*Assignment:*
Write out the listing from the line with "Thanks again for" to the line with "If we have an", both lines included, exactly and nothing beyond. Leave pictures out.

*Data segment:*
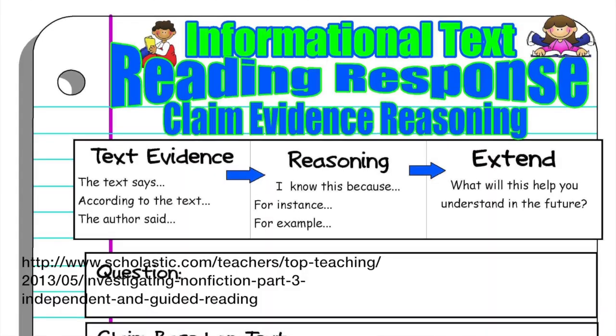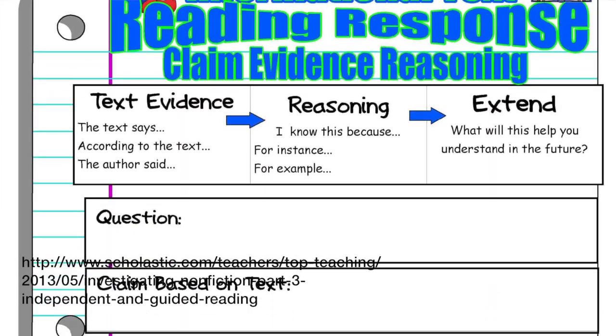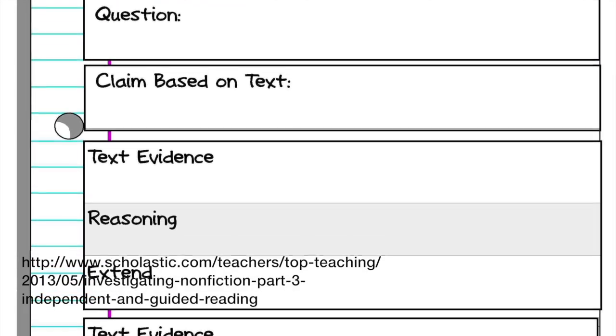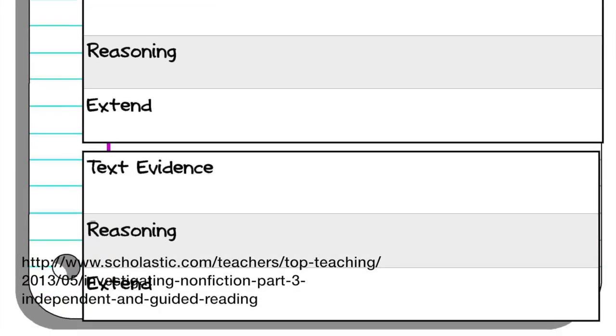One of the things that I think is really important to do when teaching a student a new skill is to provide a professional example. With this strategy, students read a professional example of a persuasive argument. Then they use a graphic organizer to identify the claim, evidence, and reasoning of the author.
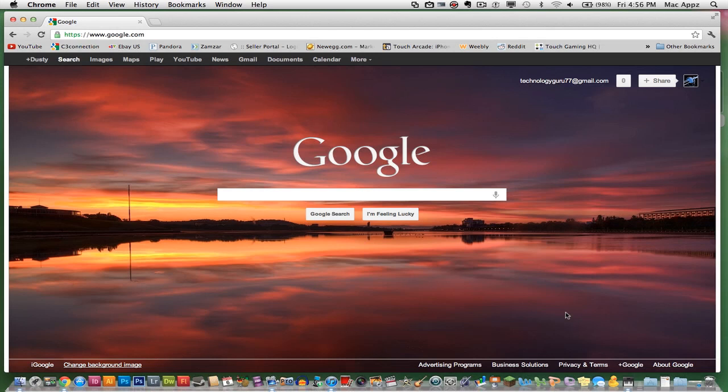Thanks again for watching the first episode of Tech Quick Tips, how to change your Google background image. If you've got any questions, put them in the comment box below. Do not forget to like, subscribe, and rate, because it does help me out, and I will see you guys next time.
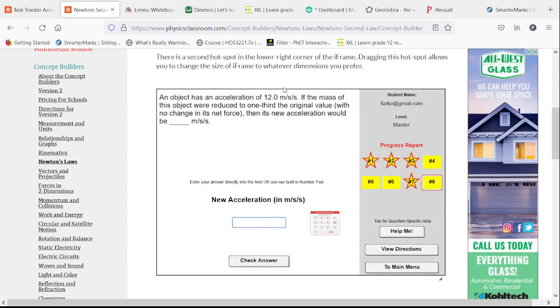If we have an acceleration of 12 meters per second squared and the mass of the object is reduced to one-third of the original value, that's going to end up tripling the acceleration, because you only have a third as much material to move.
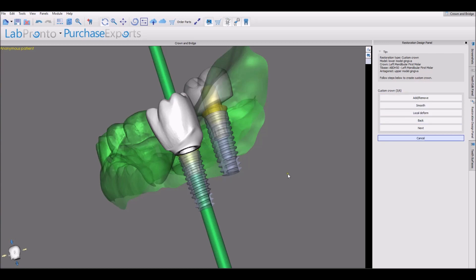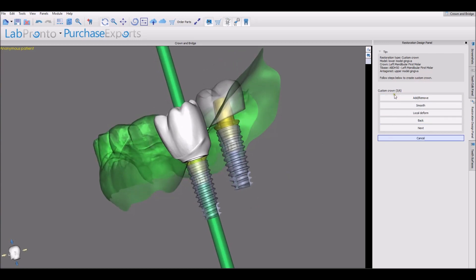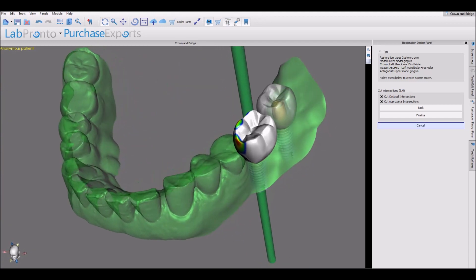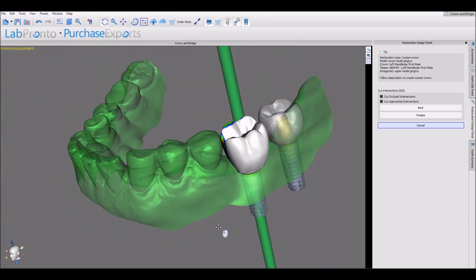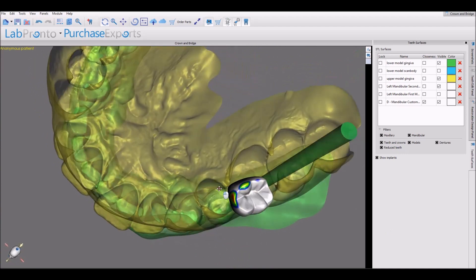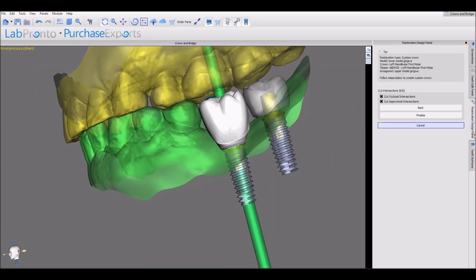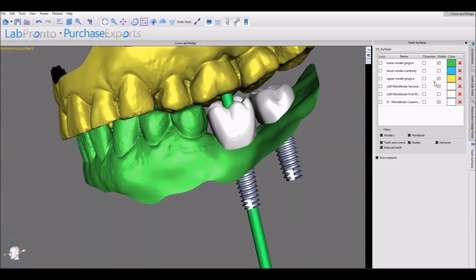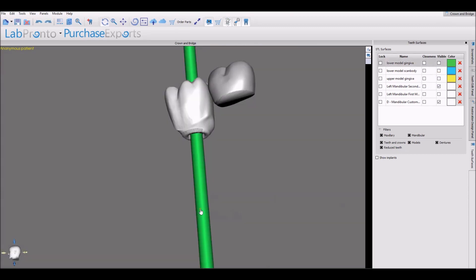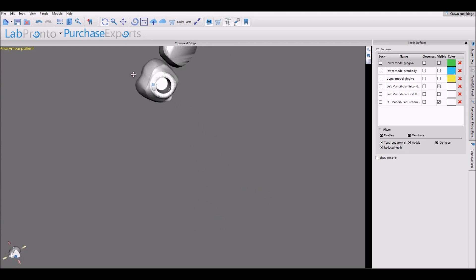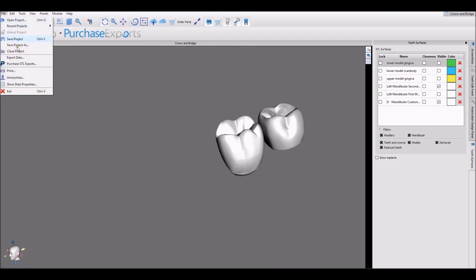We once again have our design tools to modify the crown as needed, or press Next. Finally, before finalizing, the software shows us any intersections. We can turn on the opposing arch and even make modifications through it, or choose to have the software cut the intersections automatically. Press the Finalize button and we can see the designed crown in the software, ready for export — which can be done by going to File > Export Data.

*Output of the task:*
Thanks again for watching the first episode of Tech Quick Tips, how to change your Google background image. If you've got any questions, put them in the comment box below. Do not forget to like, subscribe, and rate, because it does help me out, and I will see you guys next time.
If we have an acceleration of 12 meters per second squared and the mass of the object is reduced to one-third of the original value, that's going to end up tripling the acceleration, because you only have a third as much material to move.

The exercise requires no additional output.